During the six-plus decades since the College Board took over the Advanced Placement program, it has ballooned from just 12,000 students in a hundred schools to 2.8 million students taking some 5 million exams in over 22,000 schools, including many poor and minority youngsters. Such growth has become a major point of pride for the College Board and represents a transformation from its long-time ties to elite public and private high schools.
A new analysis by Suneal Kolluri, a Ph.D. student in the University of Southern California School of Education, examines whether AP has sustained its rigor and maintained its effectiveness as it has come to serve large numbers of disadvantaged students.

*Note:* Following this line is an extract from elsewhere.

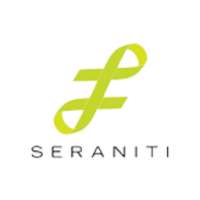 Seraniti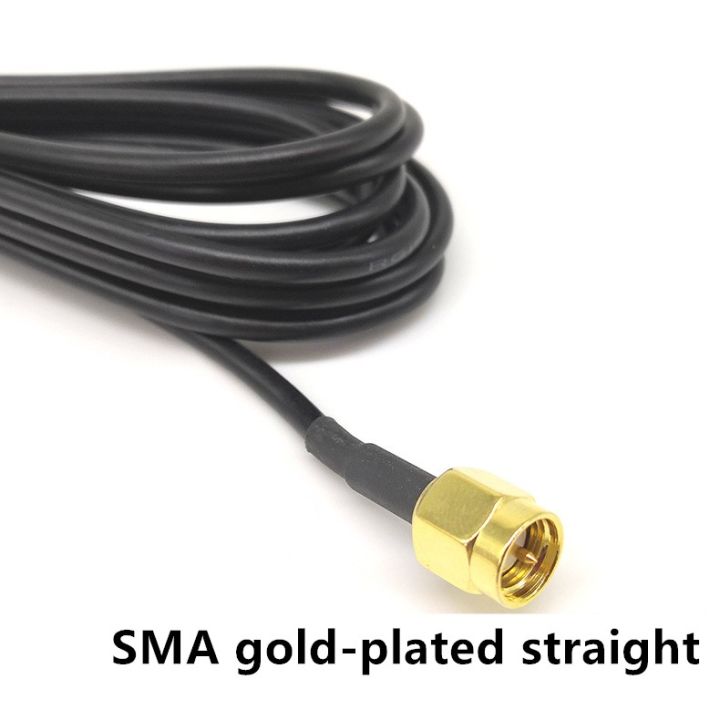 MK15dbi%20Outdoor%20Antenna%20for%20Globe%20at%20Home%20Prepaid%20Wifi%20Modem%20-%20Image%205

He undertook a vast review of the research literature from the last twenty-five years, with particular attention to whether authors examined the challenges of equity and/or effectiveness of the program.
Despite AP’s inclusion of many more kids from traditionally underserved populations, significant gaps persist in student access: White and Asian students are overrepresented in the exam-taking population when compared to black and Hispanic pupils. They also take more AP exams per student while in high school, and the differences are even more pronounced in STEM subjects.
These gaps persist despite policies in almost every state to increase AP access. And those efforts to expand participation have also coincided with declining exam results. AP exams are scored on a scale of 1 to 5, within which 3 or higher is deemed a “qualifying score” deserving of college credit. But as the number of students taking AP exams has risen, so has the rate of 1’s and 2’s, especially for marginalized groups.
Kolluri suggests several reasons why expansion and effectiveness may be incompatible. There he’s on somewhat shakier grounds than in his masterful research review.
First, he suggests that many historically underrepresented students simply cannot benefit from the AP program because preexisting achievement gaps are too large. It’s true that passing rates have dropped, especially for marginalized students. Yet the net number of individual students from these groups who are taking AP—and earning qualifying scores—has also skyrocketed during the past two decades. And organizations such as the National Math and Science Initiative, Equal Opportunity Schools, and Mass Insight Education and Research are doing yeoman's work in bringing AP success to more high schools enrolling such students.
Second, Kolluri speculates that AP courses are being taught ineffectively to underrepresented students, and that their schools often lack resources, including well-qualified teachers, minority teachers of AP subjects, and gung-ho administrators. All of these factors may negatively influence AP’s effectiveness. The extent to which the College Board alone can—or should—effectively face these difficulties is debatable, but its ambitious new Pre-AP initiative, designed to exercise some degree of curricular influence in earlier grades, may help.
Finally, he points to evidence suggesting that Advanced Placement may be a “component of social reproduction,” by which he means that its expansion in low-income schools might simply lead to even greater expansion in their middle- and high-income counterparts. In some cases—as recently happened in a high-profile way among elite D.C.-area prep schools—the upscale schools actually drop AP to distinguish themselves further. Yet it remains the case that more students of all backgrounds are still sitting for and passing the exams—even in elite schools that generally continue to administer the AP tests, despite declining to teach the classes.